On Wed, Jul 31, 2024 at 04:51:33PM GMT, Oleg Nesterov wrote:
On 07/31, Christian Brauner wrote:
It's currently possible to create pidfds for kthreads but it is unclear what that is supposed to mean. Until we have use-cases for it and we figured out what behavior we want block the creation of pidfds for kthreads.
Hmm... could you explain your concerns? Why do you think we should disallow pidfd_open(pid-of-kthread) ?
It basically just works now and it's not intentional - at least not on my part. You can't send signals to them, you may or may not get notified via poll when a kthread exits. If we ever want this to be useful I would like to enable it explicitly.

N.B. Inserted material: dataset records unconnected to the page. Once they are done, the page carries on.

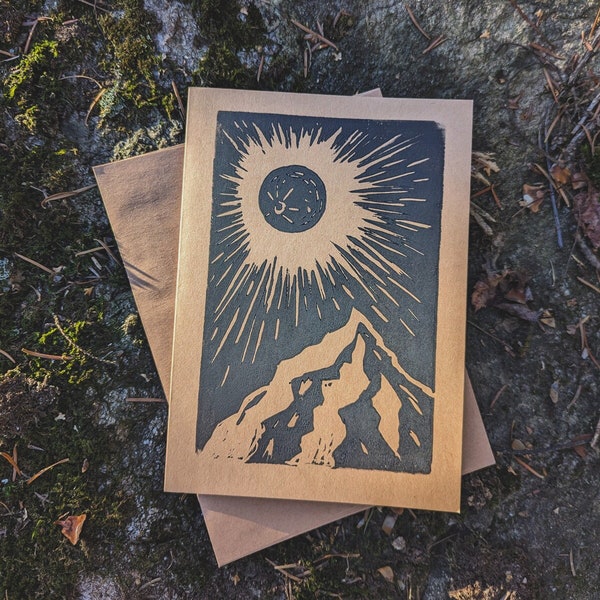 Moon Mountain Blockprint Card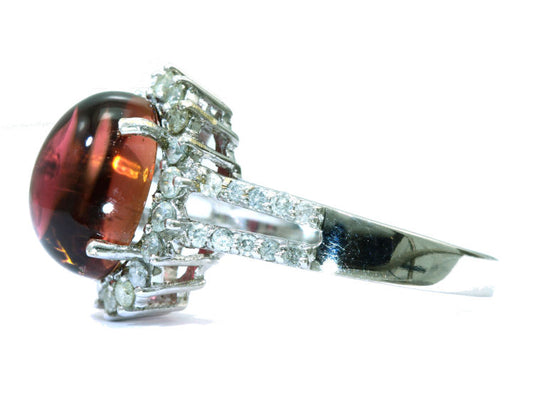 10.46ct Pink Tourmaline & Diamond Ring in 14k White Gold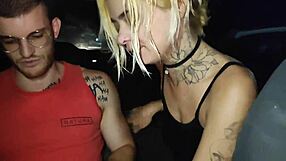 Couple fucks passionately inside the Uber with big cocks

Plus, this causes confusion in userspace. When you have qemu running with kvm support then kvm creates several kthreads (that inherit the cgroup of the calling process). If you try to kill those instances via systemctl kill or systemctl stop then pidfds for these kthreads are opened but sending a signal to them is meaningless.
(So imho this causes more confusion then it is actually helpful. If we add supports for kthreads I'd also like pidfs to gain a way to identify them via statx() or fdinfo.)
@@ -2403,6 +2416,12 @@ __latent_entropy struct task_struct *copy_process( if (clone_flags & CLONE_PIDFD) { int flags = (clone_flags & CLONE_THREAD) ? PIDFD_THREAD : 0;
/* Don't create pidfds for kernel threads for now. */
if (args->kthread) {
retval = -EINVAL;
goto bad_fork_free_pid;
Do we really need this check? Userspace can't use args->kthread != NULL, the kernel users should not use CLONE_PIDFD.
Yeah, I know. That's really just proactive so that user of e.g., copy_process() such as vhost or so on don't start handing out pidfds for stuff without requring changes to the helper itself.